Palm Beach Tech AssociationPalm Beach Tech Association

By Daniel Lofaso

Recently I was lucky enough to interview Kate Reddy from DreamScreen, a local Boca Raton startup that recently spoke at one of our Meetups. Reddy shined some light on her success with Kickstarter, the popular crowdfunding website.

  1. Please tell us about your product, DreamScreen, and why you choose Kickstarter to launch it?

DreamScreen is smart LED backlighting for home theater. DreamScreen works with any HDMI TV and enhances the size of the TV, softens the image and even makes watching TV easier on your eyes. Other products in the past had to be connected through computers and had a delay in responsiveness. This was a solution in that space, as it offers a responsive rate of 60 f/s for any TV, movie or video game.  We chose Kickstarter because it has a large technology community and is full of tech early adopters.

The Lights on the Back of Your Television React to the Color Pixels on Your Screen!

  1. How did you get so savvy at Kickstarter?

It’s like any other marketing launch, it’s about understanding consumer behavior and knowing your target customer. This was my first venture into the platform, but I have previous experience managing digital marketing campaigns so I used that knowledge to create a buzz.

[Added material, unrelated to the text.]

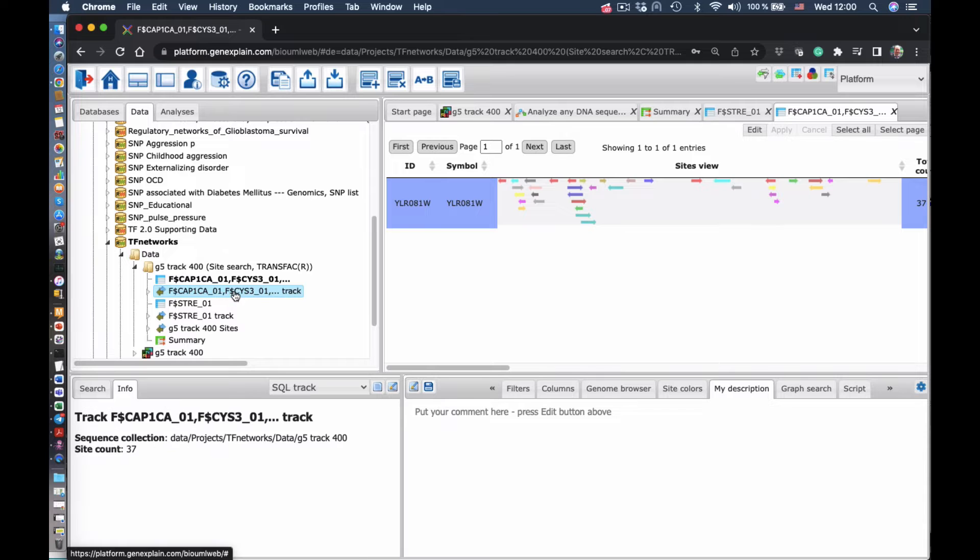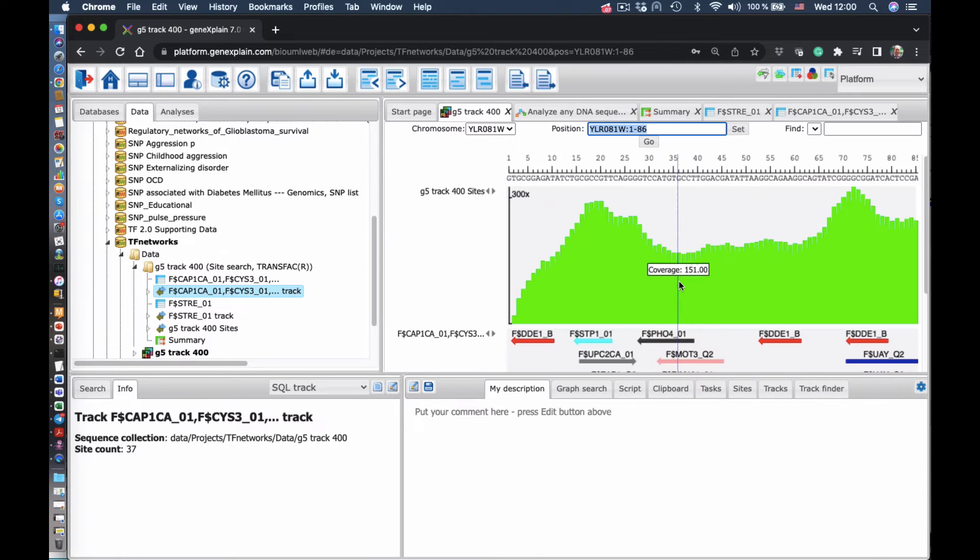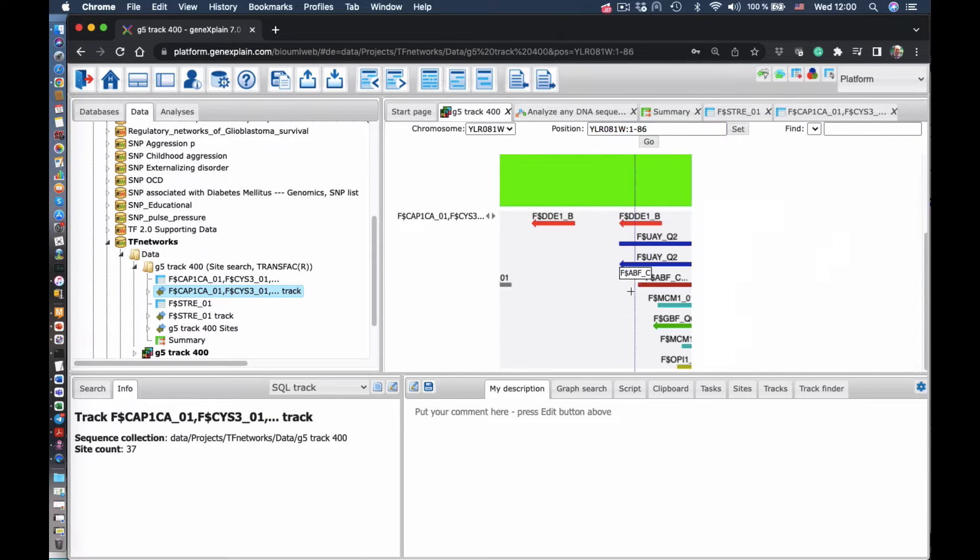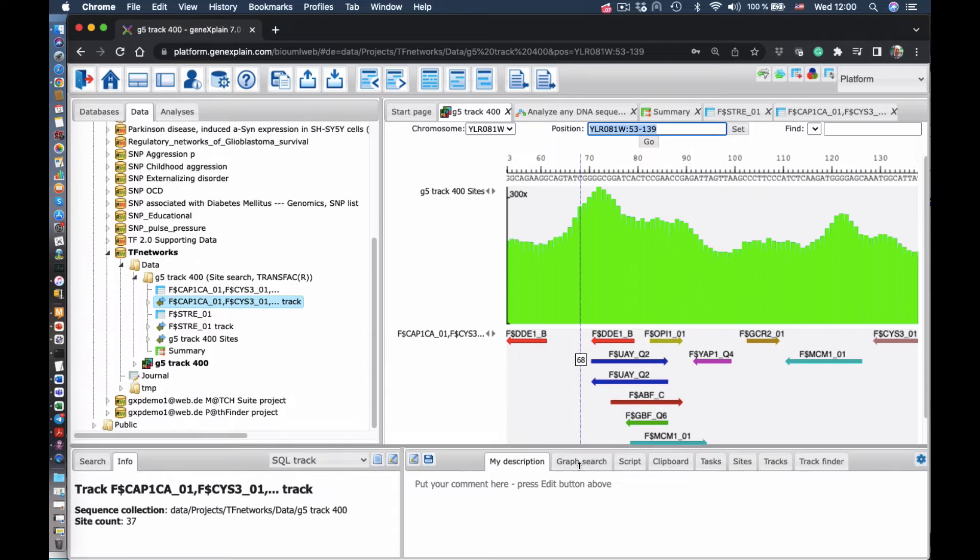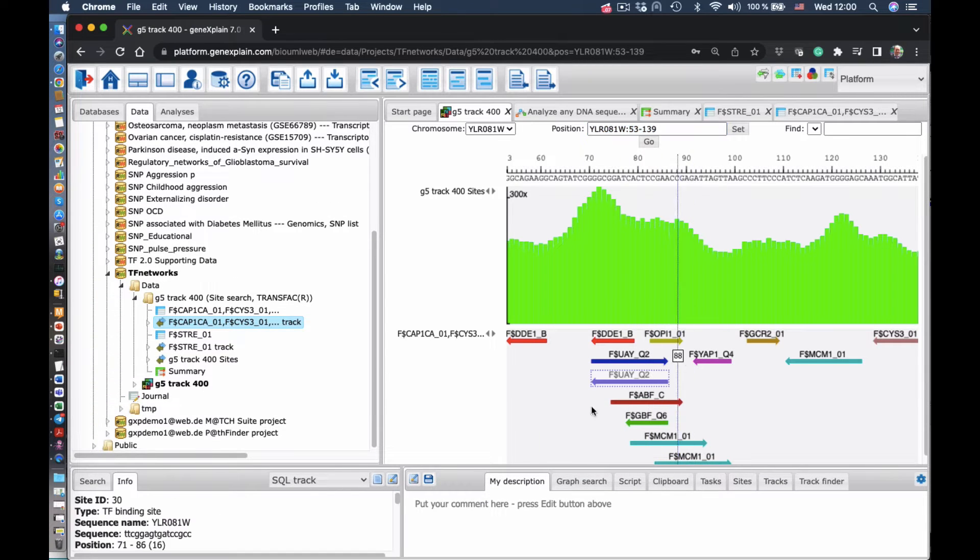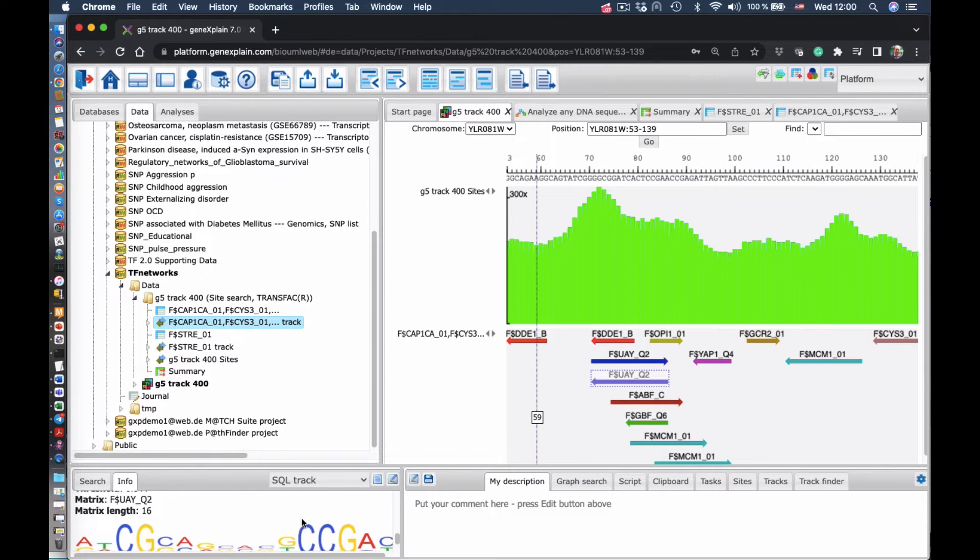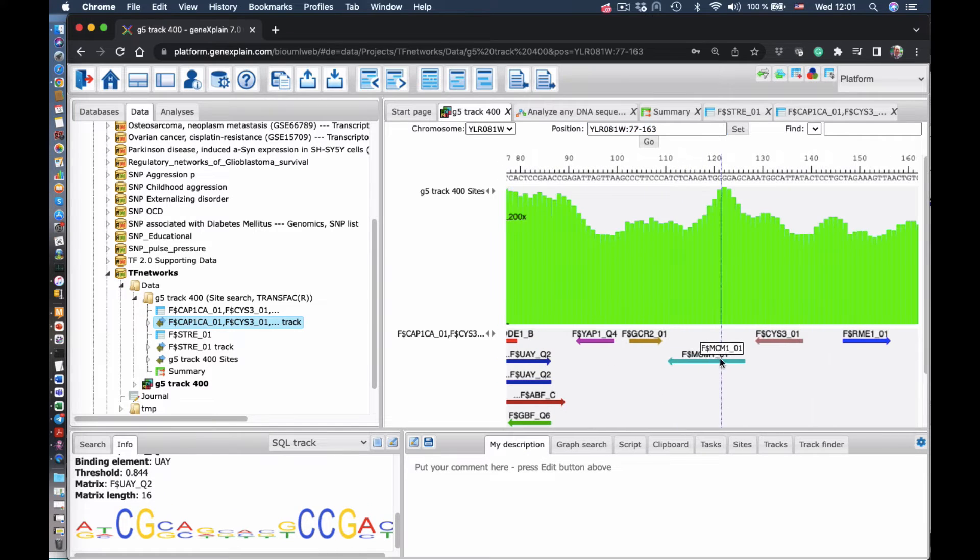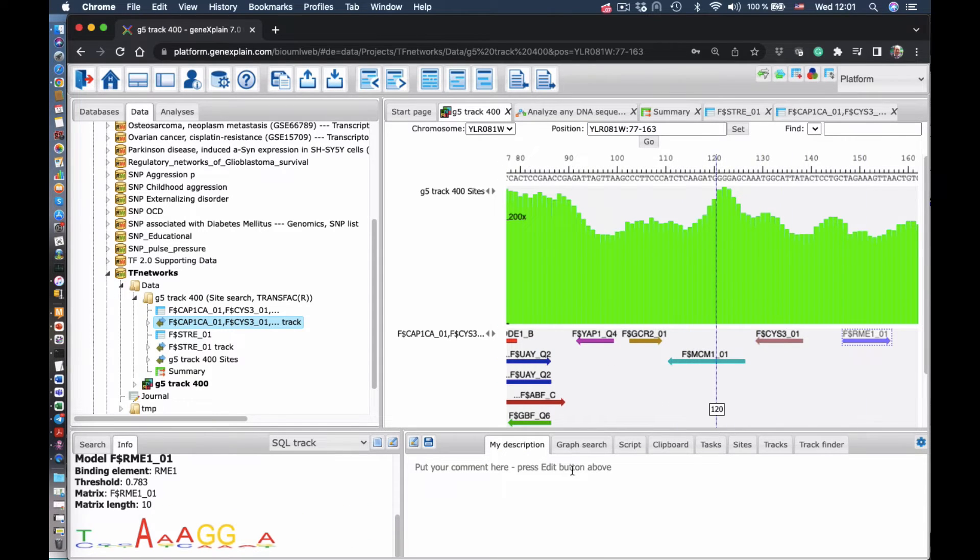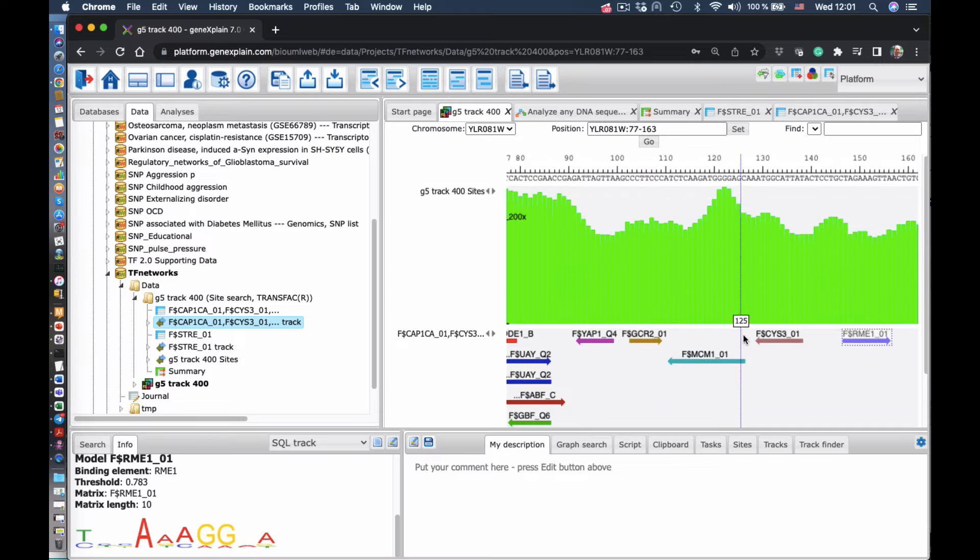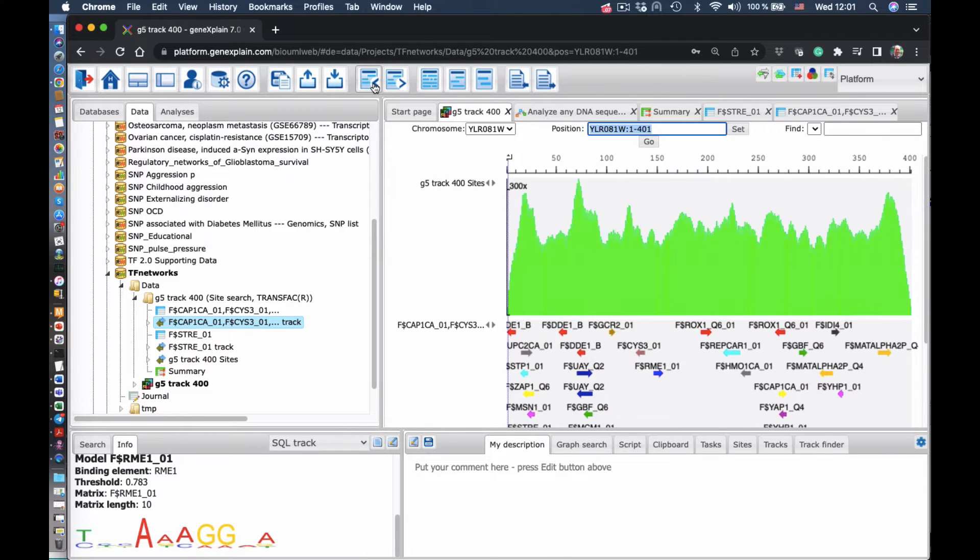Moreover, we can go inside that folder and see those sites in more detail. So in the genome browser, here the green peaks demonstrate the frequency of the sites overall found in that sequence in each position. And again, we can go in each of the sites, click on them and see the information.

  1. You raised $382,658 dollars for your startup through Kickstarter, yet you only asked for $25,000. What’s the secret to your success?

Yes! It is a numbers game. Put a very conservative goal on Kickstarter. You want the project to fund in the first 24-48 hours of your launch. It impresses people, and gives you the availability to say you were 1,500% funded, and so forth.

Kickstarter is its own animal, most of the backers of our campaign were backers of other projects. If you meet goals quickly Kickstarter can give you better exposure on their homepage or through other internal features on the site. When people write articles about you and mention that you have sailed past your goals it makes people more likely to take notice.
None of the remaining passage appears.